* _DATA IN THIS EXERCISE_:
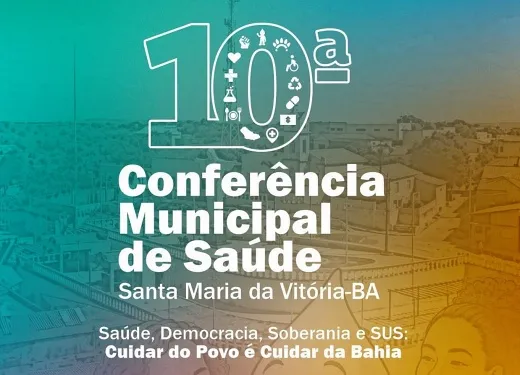 10ª Conferência Municipal de Saúde será realizada na Secretaria Municipal de Saúde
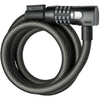 kabelslot Resolute C15-180 - Ø15 mm 1800 mm zwart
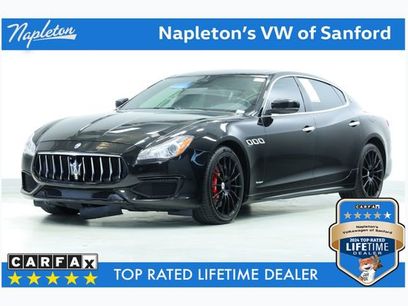 Used 2017 Maserati Quattroporte GTS GranSport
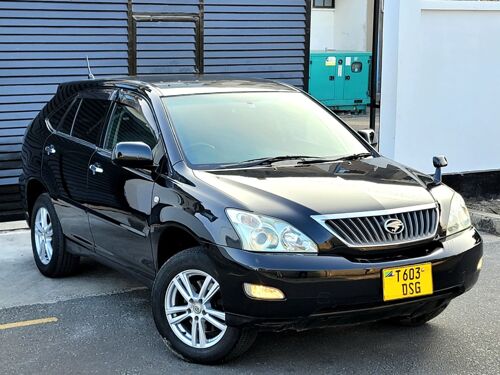Toyota  harrier  2008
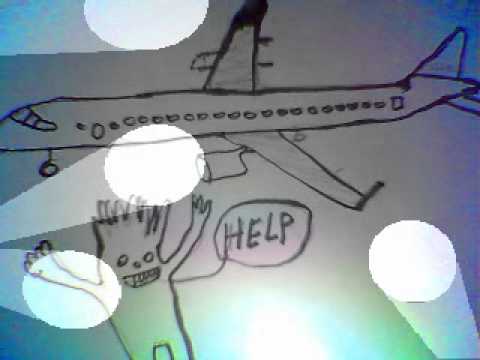 flight attendant jumps - Jetblue flight attendant leaves the plane down the emergency chute after having a fit with a passenger,a good ending story everybody is safe.Music & Video by...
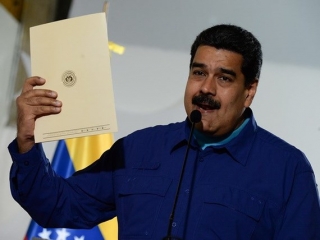 Mít tinh ủng hộ Tổng thống Maduro tại Nga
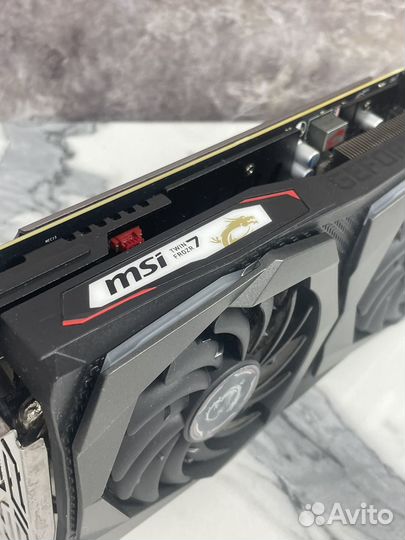 Видеокарта MSI RTX 2060 Super Gaming X 8GB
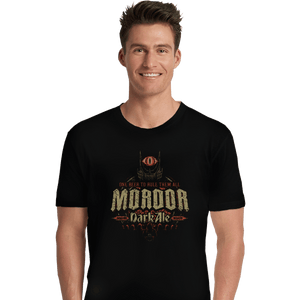 Shirts Premium Shirts, Unisex / Small / Black Mordor Dark Ale
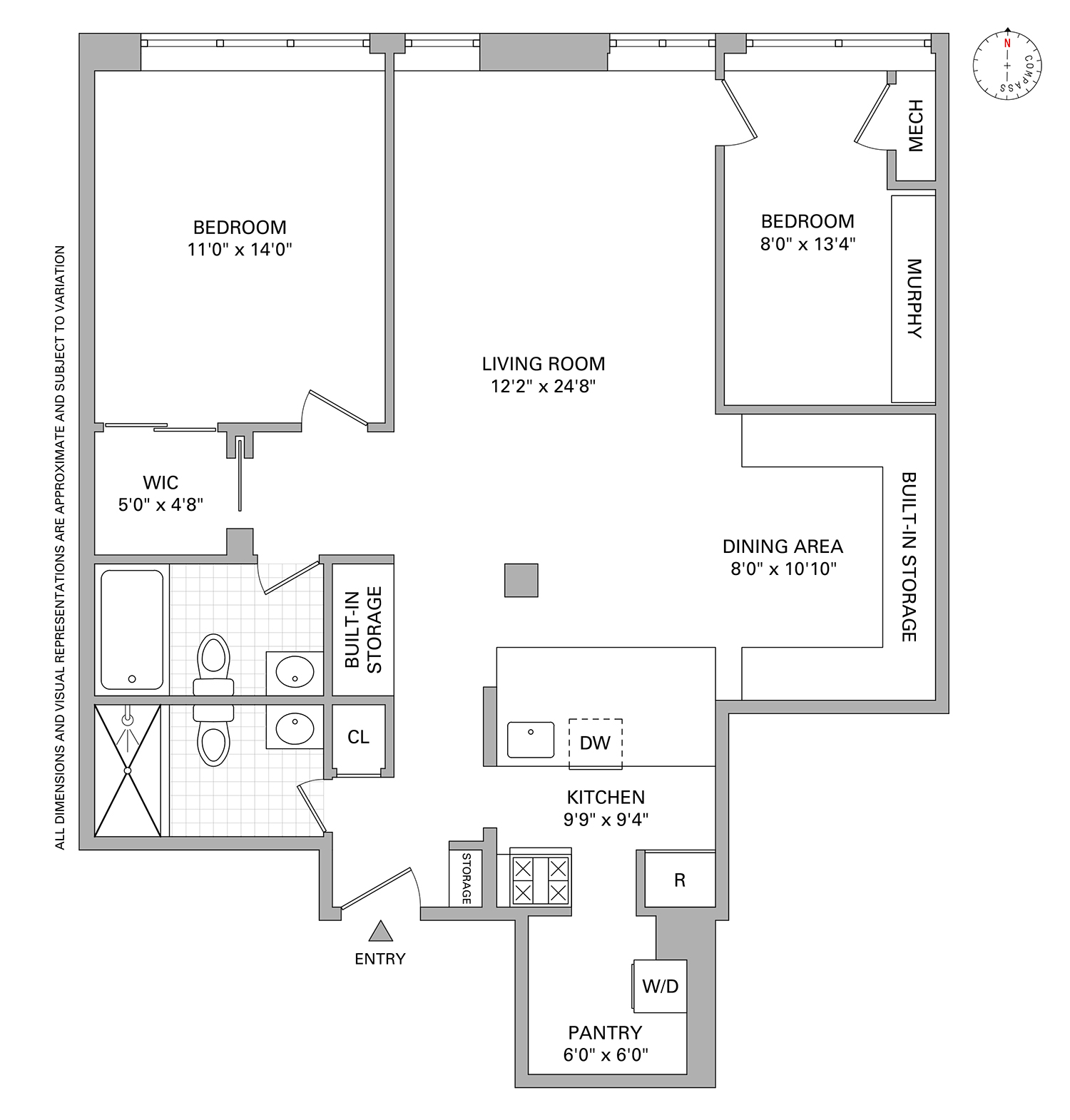 372 Dekalb Avenue, Unit 1I Brooklyn, NY 11205 - Photo 11 of 11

* _DIRECTIONS FOR THIS TASK_: Copy out, with no pictures, the lines from the one containing "kabelslot Resolute C15-180" through the last line of the data above, both ends included and each word unchanged.

* _OUTPUT OF THE TASK_:
 kabelslot Resolute C15-180 - Ø15 mm 1800 mm zwart
 Used 2017 Maserati Quattroporte GTS GranSport
Toyota  harrier  2008
 flight attendant jumps - Jetblue flight attendant leaves the plane down the emergency chute after having a fit with a passenger,a good ending story everybody is safe.Music & Video by...
 Mít tinh ủng hộ Tổng thống Maduro tại Nga
 Видеокарта MSI RTX 2060 Super Gaming X 8GB
 Shirts Premium Shirts, Unisex / Small / Black Mordor Dark Ale
 372 Dekalb Avenue, Unit 1I Brooklyn, NY 11205 - Photo 11 of 11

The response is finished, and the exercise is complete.